Warning, unless you are a C++ developer this whole post won't mean much to you... Sorry about that. The next post will be about things we are doing in ApexSQL Log and ApexSQL Recover.

Anyway, since it's been such a long time, I thought that I should blog about something that I have been waiting for... at least since 2002 when I first publicly suggested it in now-defunct C/C++ User's Journal (a.k.a. CUJ.) I wrote in 2002 September issue of CUJ in We Have Mail section... well, it's too long to write it here but this is the meat of it:

"...my favorite pet idea for a core language extension: a keyword for an unknown type. It would work exactly like typeof extension, but without taking any parameters..."

After 7 years of waiting today I installed Visual Studio 2010 Beta 1 and I finally had a chance to run my first app with just such language extension from the upcoming C++0x language standard! :) I have known for quite some time that this extension has been officially introduced into the draft of the standard but this is the first time that I had a chance to try it (more on the upcoming standard can be read here.

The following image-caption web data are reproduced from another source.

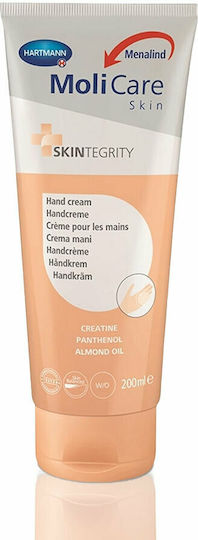 HARTMANN MENALIND MOLICARE SKIN ΚΡΕΜΑ ΧΕΡΙΩΝ 200ML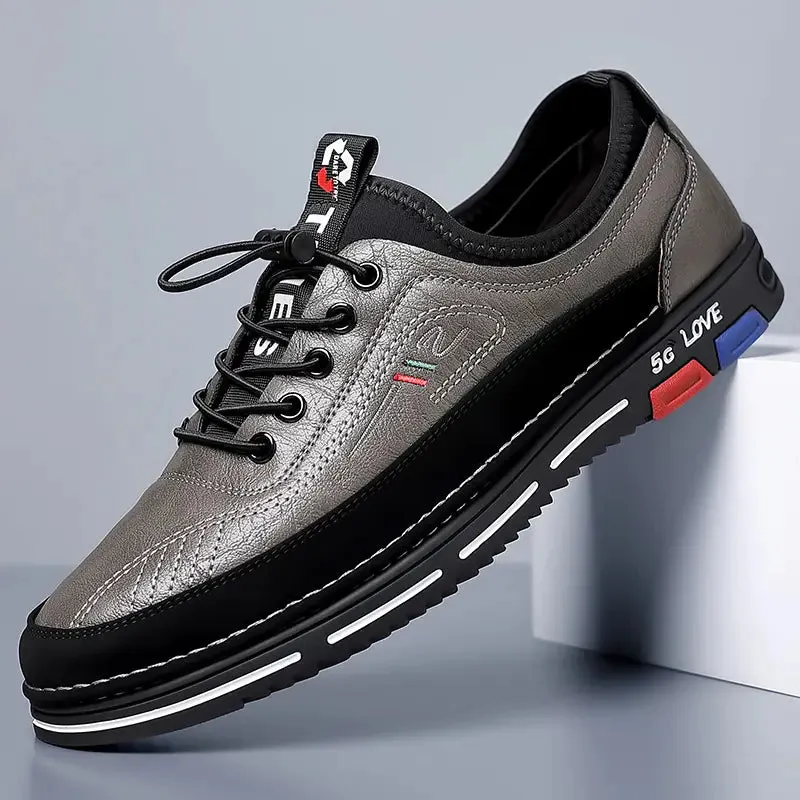 Barton Martin 2022 Men's Casual Leather Driving Shoes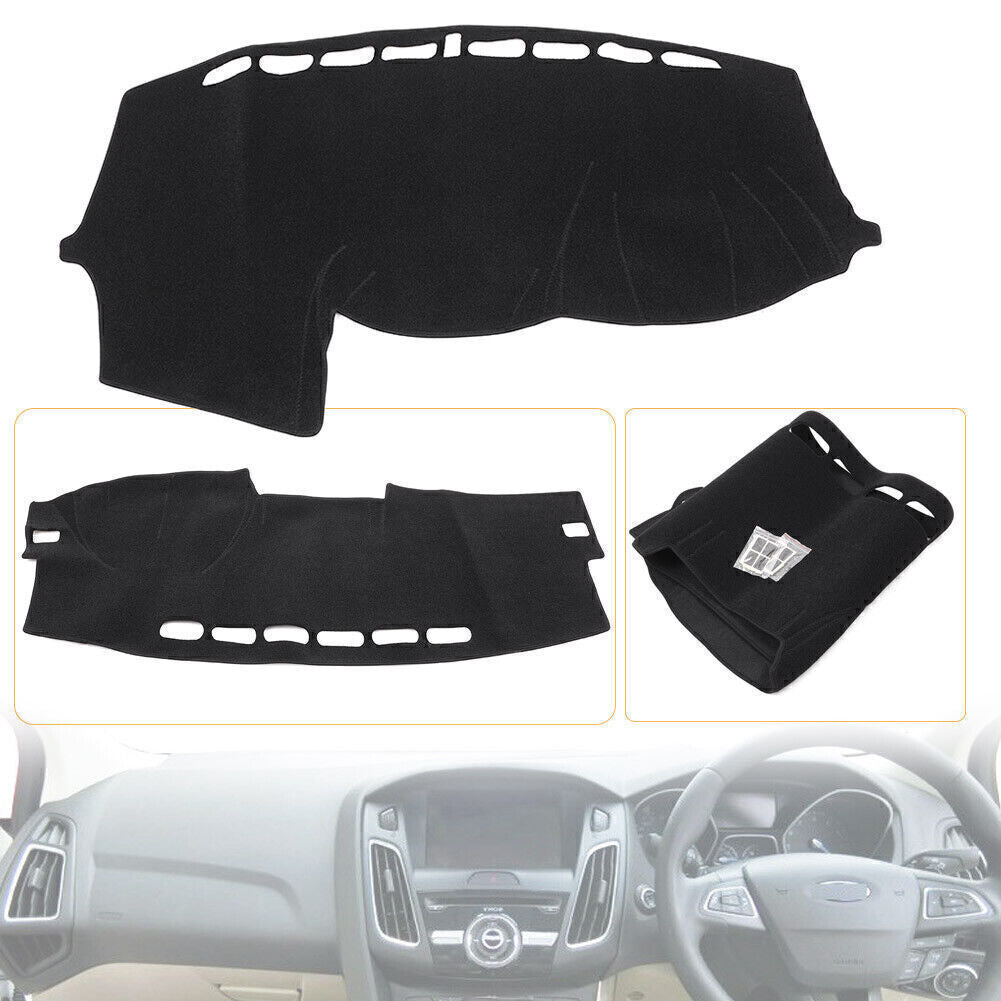Fit for Ford Focus HATCH  SEDAN 2012-2017 Car Dash Cover Mat Dashboard Pad Dashmat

Anyway, here's the example I used (a bit uninspired but I started from incomplete example I used in my email to CUJ so...)

#include <iostream>
#include <vector>

template<class T>
void process(const T& v)
{
for(auto it = v.begin(); it != v.end(); ++it)
{
std::cout << *it << std::endl;
}

}

int main(int argc, char* argv[])
{

std::vector<int> v;

v.push_back(1);
v.push_back(2);
v.push_back(3);

process(v);

return 0;
}

This spits out:
1
2
3

Marvelous! For those that don't see much value in this I will quote another example that I put forward in that original email:

"The previous example is rather simple, so advantage is not enough to warrant a core language extension. However, consider this example (adapted slightly from
The C++ Standard Library: A Tutorial and Reference by Nicolai M. Josuttis, page 306):

pos = find_if(coll.begin(), coll.end(), std::not1(std::bind2nd(std::modulus<int>
(),2)));

Imagine that we want to make a variable of the type returned by the std::not1(std::bind2nd(std::modulus<int>
(),2)) expression for further reuse..."

Then I went on to provide the exact type of this expression. Here it is for your reading pleasure:


std::unary_negate<std::binder2nd<std::modulus<int>>>


What a cute little type... NOT! Luckily I never had to use it in real life development and hopefully I never will but I have used much worse and, I'm sorry to say, most of my own making. Even though BOOST_FOREACH solved most of for loop direct references to STL iterators, this will be a welcome relief from the tedium of not only writing things like
:

std::map
<SomeTraitsStructure::SomeKey,SomeTraitsStructure::SomeItem>::iterator it = m_objectsMap.begin();

but also from looking at them. Instead, C++0x standard committee gave us:


auto it = m_objectsMap.begin();


I for one am very grateful for that! I can't wait for Visual Studio 2010 to be officially released so that I can get rid of all the verbose cruft.


Just to wrap up:
  1. Andrew Koenig answered that email on the pages of CUJ but at the time he had little hope that such an extension would be adopted. I'm very glad that the committee found a way to bring this forward.
  2. In no way do I think that I was the first to come up with this or some such nonsense like that. In fact I believe that it's a rather obvious extension (after all compiler in a strong typed language as C++ compiler already knows everything that it needs to know to make this work.) But I'm glad that I made that suggestion and that it's the earliest public reference that I know of so... I'm gloating today... just a little bit :)
  3. I'm quite aware of typedefs and have become equally tired of them in this context. Some would call it losing my religion but it's just too much for me. I think that the worst part is the naming: how do you name type of iterator on the map like the one I used above? SomeTraitsStructureKeyItemMapIterator? And all that for just one function... no thanks, I know I will love "auto" if nothing else just for replacing all such typedefs (have I already mentioned that BOOST_FOREACH has really helped the thing here?)
  4. The same "auto" feature has been introduced in C# in version 3.0: var keyword. I read here that MS warned about using "var" everywhere in the source code as it, purportedly, decreases readability of it and that it should be used only with anonymous types. I agree with this advice for C++ but to a degree. I wouldn't type:
auto i = 10;

I wouldn't use it even to shorthand something like "boost::shared_ptr<>" usage. We make a typedef once for every type that needs it and then use just that. I would keep that usage: seeing MyTypePtr is better than just "auto". But for types like we have in the examples above, "auto" keyword (or, to be precise, its new meaning) is really great. However, the real power of "auto" keyword in C++ will show itself in generic programming where today types have to follow naming conventions (in fact, IIRC, the original Koenig and Moo article was about type naming conventions.) In C# generic programing is... damaged goods. It's useful but it's been lobotomized on purpose by its designers so it never approaches usefulness of C++ generic programming model (nor it's complexity and trickiness - that was the whole point.) So yeah, "var" in C# has to be treated differently than "auto" in C++ even if they are essentially the same.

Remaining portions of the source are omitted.